» **WHAT TO DO**
Pictures stay out of the copy; output exactly the lines from the one containing "2021 Chrysler Pacifica Touring L photo" through the end of the material.

» **EXTRACTED INFORMATION**
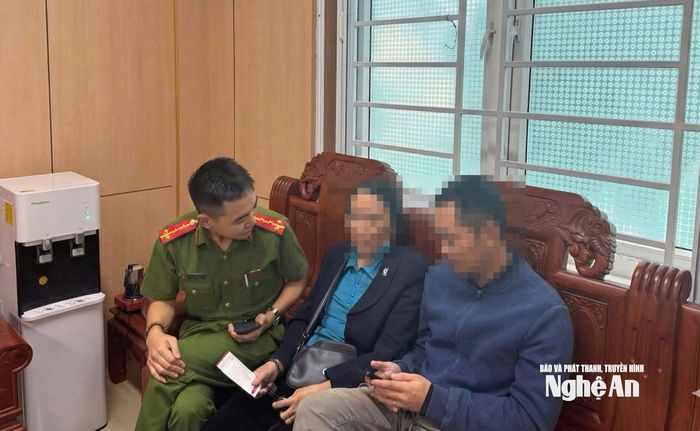 Công an xã Đại Đồng đã kịp thời can thiệp, ngăn chặn các vụ việc lừa đảo qua mạng trước khi thiệt hại xảy ra, góp phần bảo vệ tài sản của người dân. Ảnh: Võ Hòa.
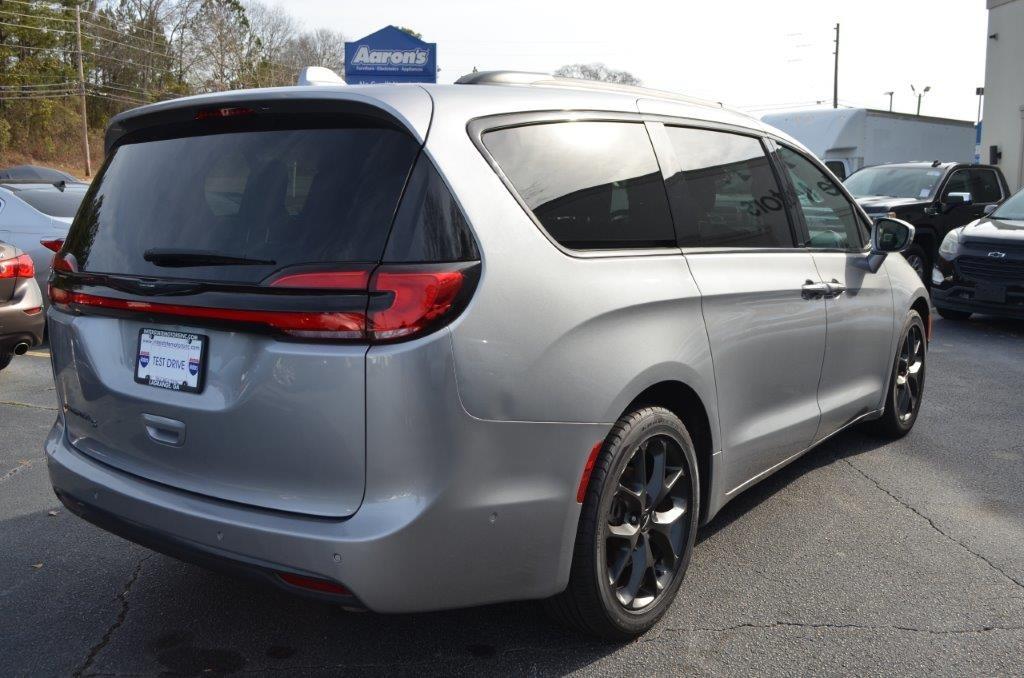 2021 Chrysler Pacifica Touring L photo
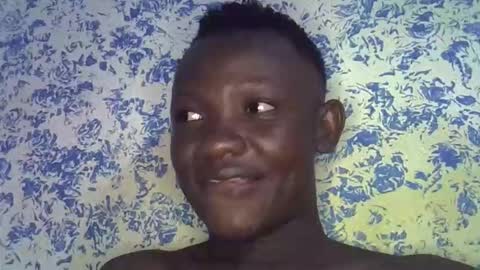 Snapshot of bigfeet9999 chatting on 13, 12, 2025 Ask in pvt online show from 13, 12, 2025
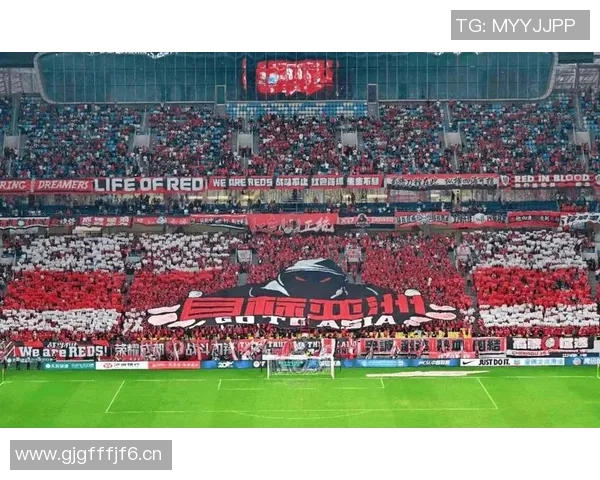 巴黎球迷巨型tifo致敬2015年恐怖袭击遇难者传递团结与希望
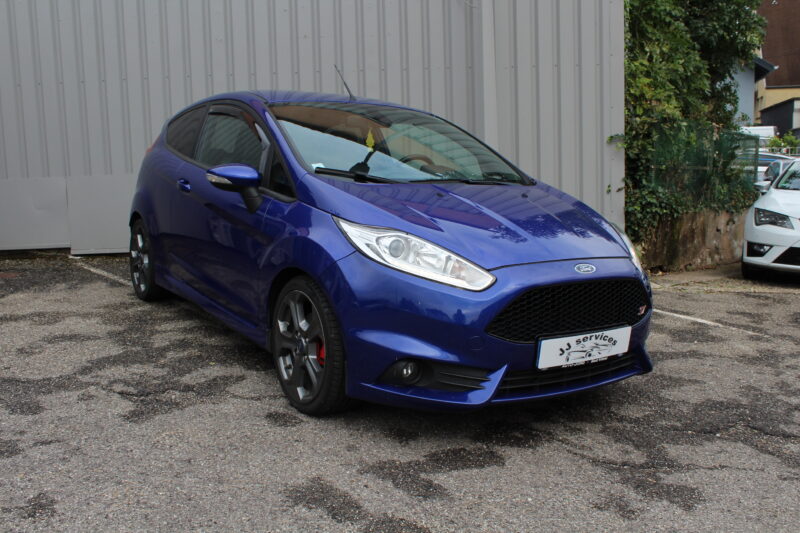 FORD FIESTA ST 1.8 182 CH 2015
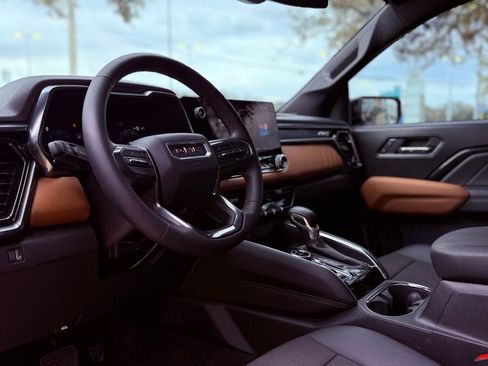 Used 2024 GMC Canyon AT4 w/ Technology Package image 25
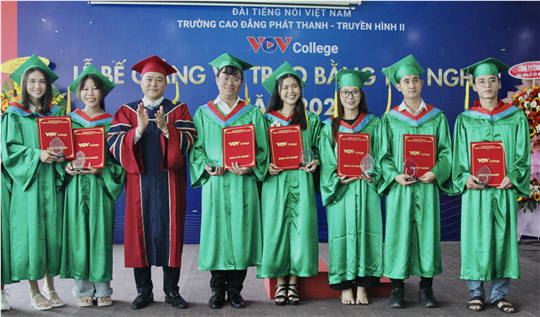 VOV College tổ chức trao bằng tốt nghiệp cho sinh viên khóa 2021 - 2023 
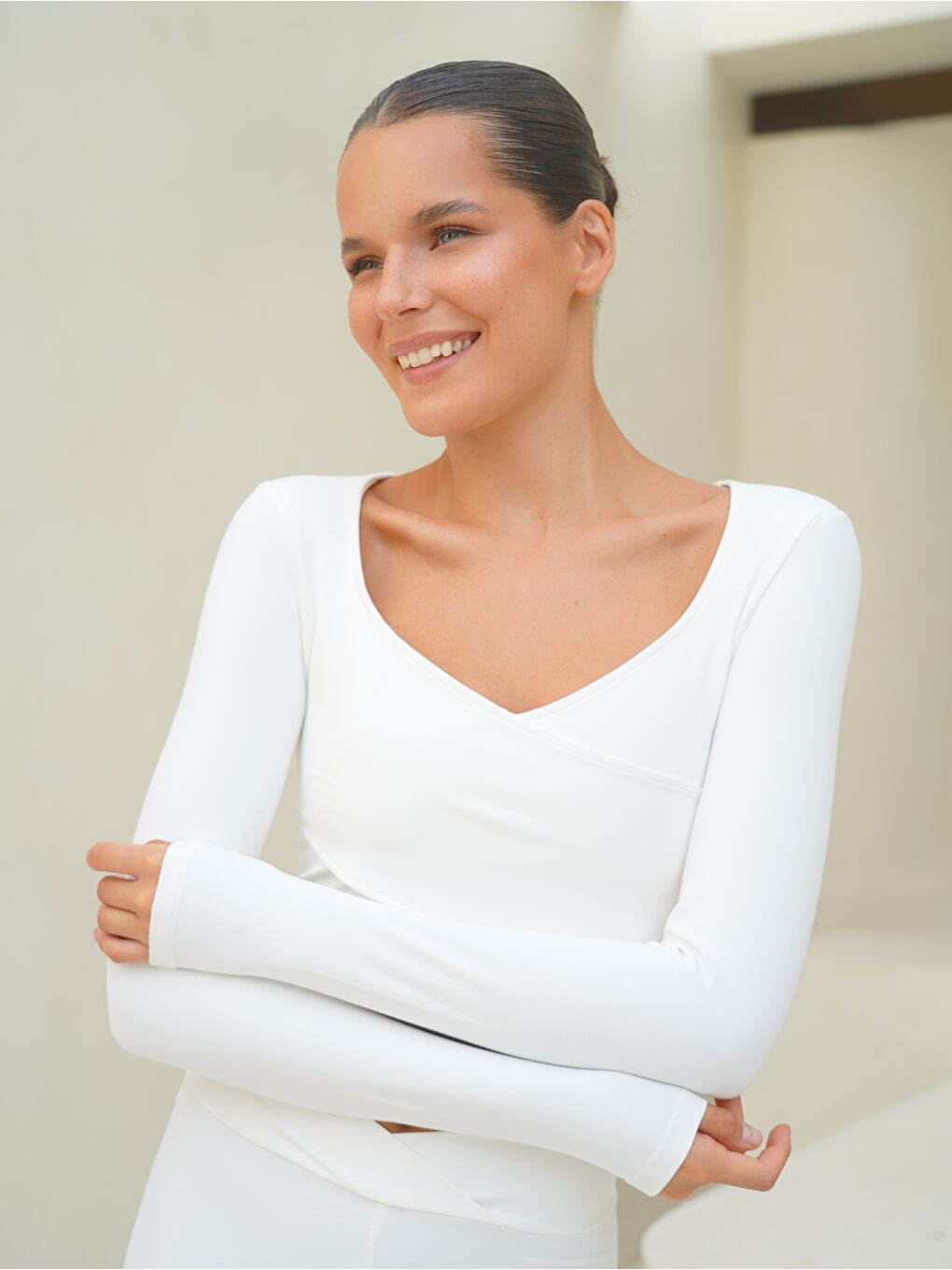 Gaia Uzun Kollu Çapraz Detay Beyaz Crop-5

» **SOLUTION TO THE EXERCISE**
 2021 Chrysler Pacifica Touring L photo
 Snapshot of bigfeet9999 chatting on 13, 12, 2025 Ask in pvt online show from 13, 12, 2025
 巴黎球迷巨型tifo致敬2015年恐怖袭击遇难者传递团结与希望
 FORD FIESTA ST 1.8 182 CH 2015
 Used 2024 GMC Canyon AT4 w/ Technology Package image 25
 VOV College tổ chức trao bằng tốt nghiệp cho sinh viên khóa 2021 - 2023 
 Gaia Uzun Kollu Çapraz Detay Beyaz Crop-5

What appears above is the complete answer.